23 September 2020 - Blog post - By : Sébastien POSTIC, Phd

Few green budgeting initiatives have led to concrete reforms or revisions of priority investments. How can we move from simple theoretical exercises to concrete action for the environment? This is the question asked by Sébastien Postic of I4CE, Oskar Lecuyer of AFD and Jennifer Doherty-Bigara of the Inter-American Development Bank (IDB).


Read the article on ID4D


One year ago, on September 25, 2019, France announced that 10% of its expenditure, €35 billion, would be spent to benefit the environment. This figure was determined during the first national “green budgeting” exercise, with other climate-based reviews taking place in Nepal (27% of expenditure to benefit the environment in 2018), in Guatemala (1.6% in 2018), in Kiribati (20% in 2018), and even in the Indian State of Odisha (31% in 2019), and so on.
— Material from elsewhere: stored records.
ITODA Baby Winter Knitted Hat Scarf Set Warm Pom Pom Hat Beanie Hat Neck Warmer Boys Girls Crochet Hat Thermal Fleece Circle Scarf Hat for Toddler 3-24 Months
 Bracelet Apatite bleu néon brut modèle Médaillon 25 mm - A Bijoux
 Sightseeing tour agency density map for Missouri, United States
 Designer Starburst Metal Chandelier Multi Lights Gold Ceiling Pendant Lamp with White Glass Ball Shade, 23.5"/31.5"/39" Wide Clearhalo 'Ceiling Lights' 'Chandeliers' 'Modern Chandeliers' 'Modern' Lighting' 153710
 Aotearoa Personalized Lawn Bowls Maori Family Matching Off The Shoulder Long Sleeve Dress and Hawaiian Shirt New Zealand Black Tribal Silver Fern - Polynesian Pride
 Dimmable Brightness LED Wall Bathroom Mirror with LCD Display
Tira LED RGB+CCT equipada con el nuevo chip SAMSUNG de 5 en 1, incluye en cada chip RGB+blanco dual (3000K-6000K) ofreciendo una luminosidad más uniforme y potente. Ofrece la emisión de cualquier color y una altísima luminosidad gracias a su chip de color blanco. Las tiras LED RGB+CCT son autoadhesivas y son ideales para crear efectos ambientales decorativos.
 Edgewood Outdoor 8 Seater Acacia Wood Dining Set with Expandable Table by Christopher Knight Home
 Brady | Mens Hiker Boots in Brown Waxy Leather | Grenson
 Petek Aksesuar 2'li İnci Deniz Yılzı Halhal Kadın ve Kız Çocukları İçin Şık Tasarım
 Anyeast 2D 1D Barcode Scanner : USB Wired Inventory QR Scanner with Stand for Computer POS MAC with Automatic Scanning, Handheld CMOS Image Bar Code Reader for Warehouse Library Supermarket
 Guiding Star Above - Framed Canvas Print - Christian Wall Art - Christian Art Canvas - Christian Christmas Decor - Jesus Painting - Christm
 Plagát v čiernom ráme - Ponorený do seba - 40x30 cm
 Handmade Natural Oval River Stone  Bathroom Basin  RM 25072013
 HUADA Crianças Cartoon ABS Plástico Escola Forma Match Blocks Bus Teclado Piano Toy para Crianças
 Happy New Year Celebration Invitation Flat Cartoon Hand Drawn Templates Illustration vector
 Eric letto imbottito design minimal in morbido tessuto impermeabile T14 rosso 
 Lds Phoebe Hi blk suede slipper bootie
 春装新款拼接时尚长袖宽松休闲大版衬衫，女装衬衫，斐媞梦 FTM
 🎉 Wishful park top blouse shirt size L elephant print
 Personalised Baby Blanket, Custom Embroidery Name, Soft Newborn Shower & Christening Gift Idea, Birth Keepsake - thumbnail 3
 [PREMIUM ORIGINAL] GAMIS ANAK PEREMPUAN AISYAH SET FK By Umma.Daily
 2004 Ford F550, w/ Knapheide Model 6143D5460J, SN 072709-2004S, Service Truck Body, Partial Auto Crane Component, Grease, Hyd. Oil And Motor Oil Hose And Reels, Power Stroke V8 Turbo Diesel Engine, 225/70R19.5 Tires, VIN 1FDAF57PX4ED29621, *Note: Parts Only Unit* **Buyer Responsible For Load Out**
In total, more than 50 countries have already produced such analyses (see map below). It is, therefore, common practice, however, the tools available are still in their infancy, and there is little standardization among them, a fact illustrated by the significantly different figures produced.


What is green budgeting? What is its purpose? These questions will be briefly discussed here, before identifying a range of criteria that must be applied for these exercises to be truly useful. The real challenge is to ensure that green budgeting represents more than just a theoretical exercise, and that real progress is made in taking the environment into account when preparing public budgets.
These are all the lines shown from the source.